## What the task requires
Go to the line holding "Important Ivory Okimono" in the entries below and write out exactly every line down to and including the line holding "2015 Jeep Wrangler Unlimited Sport photo 24".

## Given data
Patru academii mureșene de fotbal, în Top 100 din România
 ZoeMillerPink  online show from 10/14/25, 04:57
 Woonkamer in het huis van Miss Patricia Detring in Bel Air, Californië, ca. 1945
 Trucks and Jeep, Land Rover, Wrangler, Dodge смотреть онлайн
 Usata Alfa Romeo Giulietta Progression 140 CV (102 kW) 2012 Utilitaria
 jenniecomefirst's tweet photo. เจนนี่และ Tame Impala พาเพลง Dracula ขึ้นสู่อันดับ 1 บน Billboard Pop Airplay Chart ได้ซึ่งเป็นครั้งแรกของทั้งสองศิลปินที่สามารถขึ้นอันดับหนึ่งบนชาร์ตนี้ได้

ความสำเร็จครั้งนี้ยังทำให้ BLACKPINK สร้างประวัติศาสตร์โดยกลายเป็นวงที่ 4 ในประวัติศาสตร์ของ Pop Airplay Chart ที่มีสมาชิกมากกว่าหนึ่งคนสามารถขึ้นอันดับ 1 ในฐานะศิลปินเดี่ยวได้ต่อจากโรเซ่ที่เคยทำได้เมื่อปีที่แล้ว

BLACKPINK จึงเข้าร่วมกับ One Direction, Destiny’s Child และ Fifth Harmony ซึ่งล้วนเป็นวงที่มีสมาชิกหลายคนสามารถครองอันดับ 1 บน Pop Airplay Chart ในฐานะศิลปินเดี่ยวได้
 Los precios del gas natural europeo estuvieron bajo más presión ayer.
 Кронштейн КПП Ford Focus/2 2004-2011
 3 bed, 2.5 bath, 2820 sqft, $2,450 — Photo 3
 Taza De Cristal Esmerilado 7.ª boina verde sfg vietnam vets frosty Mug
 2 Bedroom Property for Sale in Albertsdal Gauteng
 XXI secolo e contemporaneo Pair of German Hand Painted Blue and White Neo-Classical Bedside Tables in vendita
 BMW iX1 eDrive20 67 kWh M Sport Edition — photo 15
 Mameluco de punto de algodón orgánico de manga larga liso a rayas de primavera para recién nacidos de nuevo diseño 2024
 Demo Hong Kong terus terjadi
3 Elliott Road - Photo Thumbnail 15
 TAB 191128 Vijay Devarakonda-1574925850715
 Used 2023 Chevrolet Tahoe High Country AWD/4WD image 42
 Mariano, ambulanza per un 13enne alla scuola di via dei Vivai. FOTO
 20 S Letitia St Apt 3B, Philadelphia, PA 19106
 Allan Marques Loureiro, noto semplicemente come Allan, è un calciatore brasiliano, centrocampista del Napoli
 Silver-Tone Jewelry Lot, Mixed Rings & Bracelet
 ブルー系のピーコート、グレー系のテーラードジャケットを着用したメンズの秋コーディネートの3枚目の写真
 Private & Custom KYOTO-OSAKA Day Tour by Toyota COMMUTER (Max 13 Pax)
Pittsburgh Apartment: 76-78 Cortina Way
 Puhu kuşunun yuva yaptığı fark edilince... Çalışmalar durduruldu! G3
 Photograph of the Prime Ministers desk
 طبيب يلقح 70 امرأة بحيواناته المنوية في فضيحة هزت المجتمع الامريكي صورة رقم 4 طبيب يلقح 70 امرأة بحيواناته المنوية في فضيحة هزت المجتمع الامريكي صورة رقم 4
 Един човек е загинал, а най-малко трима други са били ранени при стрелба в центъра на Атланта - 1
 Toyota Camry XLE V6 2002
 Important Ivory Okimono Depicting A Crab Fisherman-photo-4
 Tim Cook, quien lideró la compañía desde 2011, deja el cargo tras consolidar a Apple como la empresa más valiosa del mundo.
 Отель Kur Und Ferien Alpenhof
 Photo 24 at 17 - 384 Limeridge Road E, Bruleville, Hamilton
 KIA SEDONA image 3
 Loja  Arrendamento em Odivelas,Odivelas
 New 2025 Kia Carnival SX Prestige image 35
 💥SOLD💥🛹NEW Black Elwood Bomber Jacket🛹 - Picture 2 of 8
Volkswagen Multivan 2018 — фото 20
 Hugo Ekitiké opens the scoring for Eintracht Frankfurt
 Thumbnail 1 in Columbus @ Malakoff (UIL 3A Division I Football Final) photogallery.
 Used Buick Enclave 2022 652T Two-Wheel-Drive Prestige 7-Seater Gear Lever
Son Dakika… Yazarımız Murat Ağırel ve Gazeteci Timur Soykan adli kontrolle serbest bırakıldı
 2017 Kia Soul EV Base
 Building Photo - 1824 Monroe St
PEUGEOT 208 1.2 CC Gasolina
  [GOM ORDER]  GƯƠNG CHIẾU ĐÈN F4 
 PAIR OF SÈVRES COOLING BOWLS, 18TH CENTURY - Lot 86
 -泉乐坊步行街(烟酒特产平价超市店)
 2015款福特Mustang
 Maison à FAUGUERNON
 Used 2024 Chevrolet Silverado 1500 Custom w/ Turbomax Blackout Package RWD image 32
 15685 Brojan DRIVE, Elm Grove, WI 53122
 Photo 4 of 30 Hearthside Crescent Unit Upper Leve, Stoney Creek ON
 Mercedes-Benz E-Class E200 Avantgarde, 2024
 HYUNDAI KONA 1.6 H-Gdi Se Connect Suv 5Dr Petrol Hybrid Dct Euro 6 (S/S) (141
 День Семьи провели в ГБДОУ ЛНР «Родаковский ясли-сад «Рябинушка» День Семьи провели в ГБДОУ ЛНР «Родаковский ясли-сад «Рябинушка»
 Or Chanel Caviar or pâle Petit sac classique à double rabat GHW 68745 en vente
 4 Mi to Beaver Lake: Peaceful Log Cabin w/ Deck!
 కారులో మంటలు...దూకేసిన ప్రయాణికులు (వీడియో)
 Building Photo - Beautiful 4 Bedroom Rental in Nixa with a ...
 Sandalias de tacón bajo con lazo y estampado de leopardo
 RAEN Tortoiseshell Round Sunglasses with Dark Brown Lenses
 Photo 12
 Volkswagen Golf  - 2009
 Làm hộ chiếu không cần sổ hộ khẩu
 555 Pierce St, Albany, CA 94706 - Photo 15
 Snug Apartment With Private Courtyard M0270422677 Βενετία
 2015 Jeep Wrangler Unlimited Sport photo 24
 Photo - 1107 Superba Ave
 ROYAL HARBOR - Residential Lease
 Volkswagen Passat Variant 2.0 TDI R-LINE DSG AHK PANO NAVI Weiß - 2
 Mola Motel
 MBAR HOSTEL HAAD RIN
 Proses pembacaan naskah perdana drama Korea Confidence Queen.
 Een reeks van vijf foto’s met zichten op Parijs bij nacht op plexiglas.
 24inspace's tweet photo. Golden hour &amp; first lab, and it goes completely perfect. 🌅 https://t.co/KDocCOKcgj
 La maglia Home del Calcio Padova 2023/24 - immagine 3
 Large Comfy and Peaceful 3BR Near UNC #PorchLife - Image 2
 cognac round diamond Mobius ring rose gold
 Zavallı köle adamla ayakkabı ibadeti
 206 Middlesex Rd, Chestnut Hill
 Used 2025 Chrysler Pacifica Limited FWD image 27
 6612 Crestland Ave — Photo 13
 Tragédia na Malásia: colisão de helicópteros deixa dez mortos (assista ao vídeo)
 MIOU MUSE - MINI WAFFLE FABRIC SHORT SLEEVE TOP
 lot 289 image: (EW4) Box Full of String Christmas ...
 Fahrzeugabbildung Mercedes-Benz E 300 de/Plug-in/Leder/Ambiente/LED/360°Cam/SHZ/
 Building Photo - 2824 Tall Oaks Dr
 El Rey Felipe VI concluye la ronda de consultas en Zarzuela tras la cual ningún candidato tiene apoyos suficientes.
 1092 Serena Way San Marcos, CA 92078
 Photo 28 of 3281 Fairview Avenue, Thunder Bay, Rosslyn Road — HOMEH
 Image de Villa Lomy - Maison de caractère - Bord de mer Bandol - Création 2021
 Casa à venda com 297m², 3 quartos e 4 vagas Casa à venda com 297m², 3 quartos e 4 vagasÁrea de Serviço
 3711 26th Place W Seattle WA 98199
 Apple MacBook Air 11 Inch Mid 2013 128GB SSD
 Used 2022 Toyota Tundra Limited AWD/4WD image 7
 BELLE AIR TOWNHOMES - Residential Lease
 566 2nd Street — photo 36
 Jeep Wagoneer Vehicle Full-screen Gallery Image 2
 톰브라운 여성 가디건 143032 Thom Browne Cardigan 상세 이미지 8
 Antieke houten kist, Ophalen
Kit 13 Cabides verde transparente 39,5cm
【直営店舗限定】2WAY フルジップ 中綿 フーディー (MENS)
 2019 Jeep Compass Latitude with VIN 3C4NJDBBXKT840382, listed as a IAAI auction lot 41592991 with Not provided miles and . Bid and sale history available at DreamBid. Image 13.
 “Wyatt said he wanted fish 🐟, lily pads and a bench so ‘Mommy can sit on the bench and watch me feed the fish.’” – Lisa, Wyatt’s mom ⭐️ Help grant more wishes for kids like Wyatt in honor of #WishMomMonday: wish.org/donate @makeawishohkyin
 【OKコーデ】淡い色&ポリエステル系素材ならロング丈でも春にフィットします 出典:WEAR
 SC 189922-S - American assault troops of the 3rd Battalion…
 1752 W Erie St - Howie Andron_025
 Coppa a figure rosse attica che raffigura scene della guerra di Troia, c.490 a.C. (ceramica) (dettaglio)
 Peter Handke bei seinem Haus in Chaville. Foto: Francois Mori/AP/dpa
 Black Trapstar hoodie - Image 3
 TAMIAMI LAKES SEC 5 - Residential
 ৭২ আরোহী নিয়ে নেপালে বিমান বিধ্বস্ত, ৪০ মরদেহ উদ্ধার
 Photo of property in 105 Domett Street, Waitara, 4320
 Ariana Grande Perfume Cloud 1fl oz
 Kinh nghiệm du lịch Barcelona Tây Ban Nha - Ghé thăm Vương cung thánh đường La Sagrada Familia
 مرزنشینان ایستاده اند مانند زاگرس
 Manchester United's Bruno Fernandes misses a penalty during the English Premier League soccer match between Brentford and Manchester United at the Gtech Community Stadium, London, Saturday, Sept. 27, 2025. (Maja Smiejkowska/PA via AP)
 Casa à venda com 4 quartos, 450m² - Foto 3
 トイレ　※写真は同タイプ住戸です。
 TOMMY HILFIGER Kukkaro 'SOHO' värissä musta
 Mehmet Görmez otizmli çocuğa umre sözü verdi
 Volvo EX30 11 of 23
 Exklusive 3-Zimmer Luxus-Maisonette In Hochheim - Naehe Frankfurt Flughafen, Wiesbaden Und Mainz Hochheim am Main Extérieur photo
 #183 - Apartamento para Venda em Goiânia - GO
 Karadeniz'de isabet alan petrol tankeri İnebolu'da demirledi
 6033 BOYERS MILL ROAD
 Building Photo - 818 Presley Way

## Task result
 Important Ivory Okimono Depicting A Crab Fisherman-photo-4
 Tim Cook, quien lideró la compañía desde 2011, deja el cargo tras consolidar a Apple como la empresa más valiosa del mundo.
 Отель Kur Und Ferien Alpenhof
 Photo 24 at 17 - 384 Limeridge Road E, Bruleville, Hamilton
 KIA SEDONA image 3
 Loja  Arrendamento em Odivelas,Odivelas
 New 2025 Kia Carnival SX Prestige image 35
 💥SOLD💥🛹NEW Black Elwood Bomber Jacket🛹 - Picture 2 of 8
Volkswagen Multivan 2018 — фото 20
 Hugo Ekitiké opens the scoring for Eintracht Frankfurt
 Thumbnail 1 in Columbus @ Malakoff (UIL 3A Division I Football Final) photogallery.
 Used Buick Enclave 2022 652T Two-Wheel-Drive Prestige 7-Seater Gear Lever
Son Dakika… Yazarımız Murat Ağırel ve Gazeteci Timur Soykan adli kontrolle serbest bırakıldı
 2017 Kia Soul EV Base
 Building Photo - 1824 Monroe St
PEUGEOT 208 1.2 CC Gasolina
  [GOM ORDER]  GƯƠNG CHIẾU ĐÈN F4 
 PAIR OF SÈVRES COOLING BOWLS, 18TH CENTURY - Lot 86
 -泉乐坊步行街(烟酒特产平价超市店)
 2015款福特Mustang
 Maison à FAUGUERNON
 Used 2024 Chevrolet Silverado 1500 Custom w/ Turbomax Blackout Package RWD image 32
 15685 Brojan DRIVE, Elm Grove, WI 53122
 Photo 4 of 30 Hearthside Crescent Unit Upper Leve, Stoney Creek ON
 Mercedes-Benz E-Class E200 Avantgarde, 2024
 HYUNDAI KONA 1.6 H-Gdi Se Connect Suv 5Dr Petrol Hybrid Dct Euro 6 (S/S) (141
 День Семьи провели в ГБДОУ ЛНР «Родаковский ясли-сад «Рябинушка» День Семьи провели в ГБДОУ ЛНР «Родаковский ясли-сад «Рябинушка»
 Or Chanel Caviar or pâle Petit sac classique à double rabat GHW 68745 en vente
 4 Mi to Beaver Lake: Peaceful Log Cabin w/ Deck!
 కారులో మంటలు...దూకేసిన ప్రయాణికులు (వీడియో)
 Building Photo - Beautiful 4 Bedroom Rental in Nixa with a ...
 Sandalias de tacón bajo con lazo y estampado de leopardo
 RAEN Tortoiseshell Round Sunglasses with Dark Brown Lenses
 Photo 12
 Volkswagen Golf  - 2009
 Làm hộ chiếu không cần sổ hộ khẩu
 555 Pierce St, Albany, CA 94706 - Photo 15
 Snug Apartment With Private Courtyard M0270422677 Βενετία
 2015 Jeep Wrangler Unlimited Sport photo 24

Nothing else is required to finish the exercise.